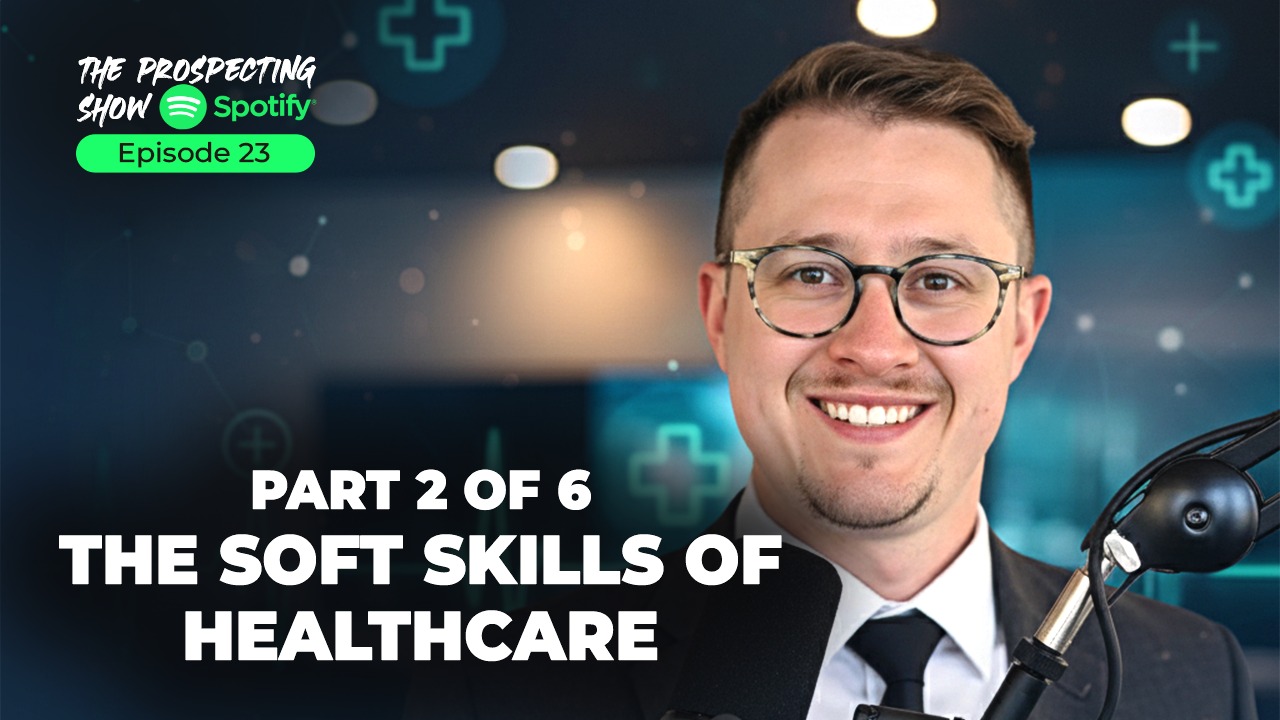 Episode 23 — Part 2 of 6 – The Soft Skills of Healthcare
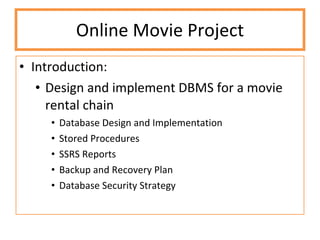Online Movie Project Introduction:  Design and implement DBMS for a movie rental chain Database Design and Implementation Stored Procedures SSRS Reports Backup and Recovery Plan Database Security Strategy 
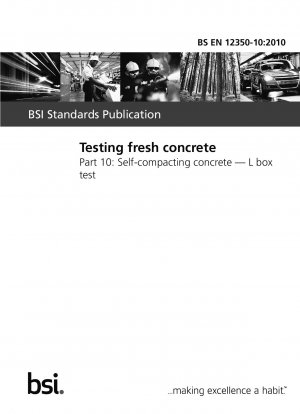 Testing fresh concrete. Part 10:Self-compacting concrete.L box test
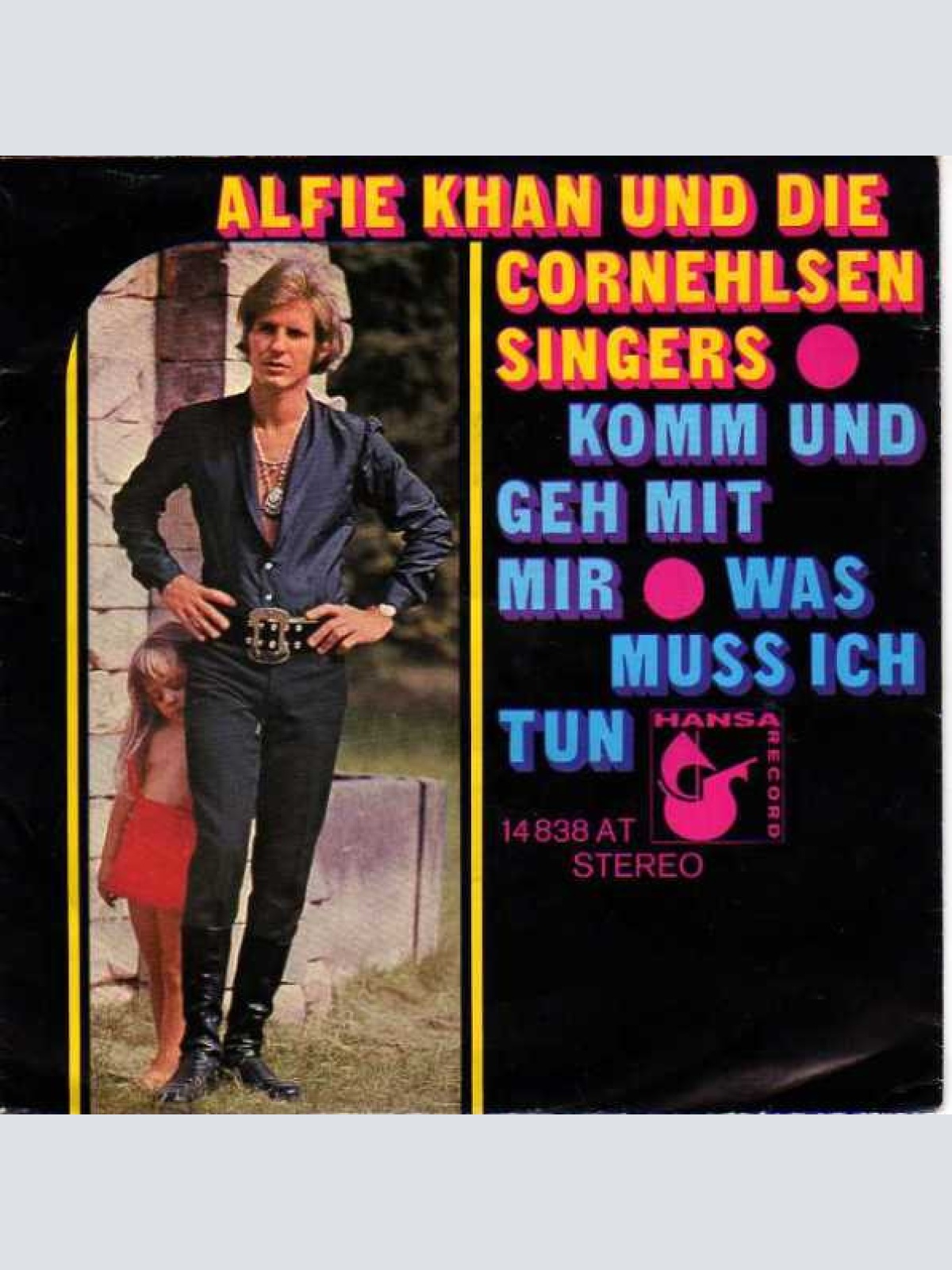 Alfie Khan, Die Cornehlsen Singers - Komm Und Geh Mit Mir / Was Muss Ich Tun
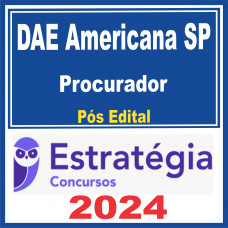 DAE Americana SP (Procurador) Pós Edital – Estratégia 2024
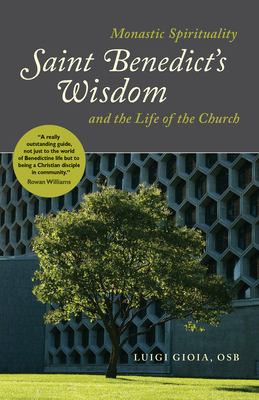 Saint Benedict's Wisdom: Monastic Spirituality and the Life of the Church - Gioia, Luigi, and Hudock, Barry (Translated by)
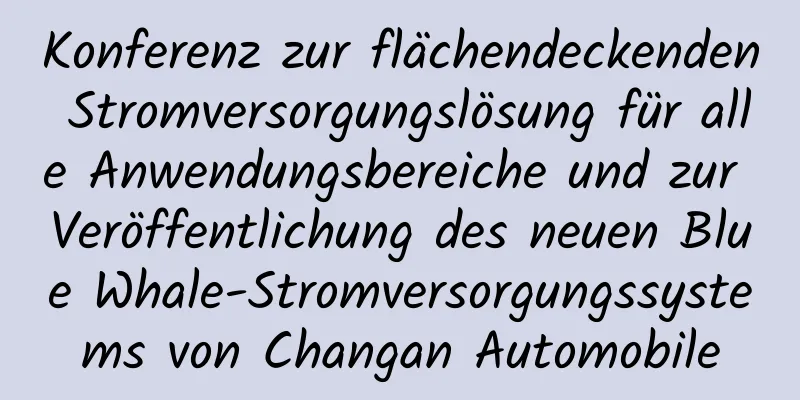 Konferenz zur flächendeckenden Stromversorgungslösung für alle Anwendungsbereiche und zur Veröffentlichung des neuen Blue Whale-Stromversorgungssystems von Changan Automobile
---
■ **Required work**
Pictures excluded, write out exactly and only the lines of the material from the one containing "Testing fresh concrete." up to and including the last line.

■ **Problem solution**
 Testing fresh concrete. Part 10:Self-compacting concrete.L box test
 Alfie Khan, Die Cornehlsen Singers - Komm Und Geh Mit Mir / Was Muss Ich Tun
 DAE Americana SP (Procurador) Pós Edital – Estratégia 2024
 Saint Benedict's Wisdom: Monastic Spirituality and the Life of the Church - Gioia, Luigi, and Hudock, Barry (Translated by)
 Konferenz zur flächendeckenden Stromversorgungslösung für alle Anwendungsbereiche und zur Veröffentlichung des neuen Blue Whale-Stromversorgungssystems von Changan Automobile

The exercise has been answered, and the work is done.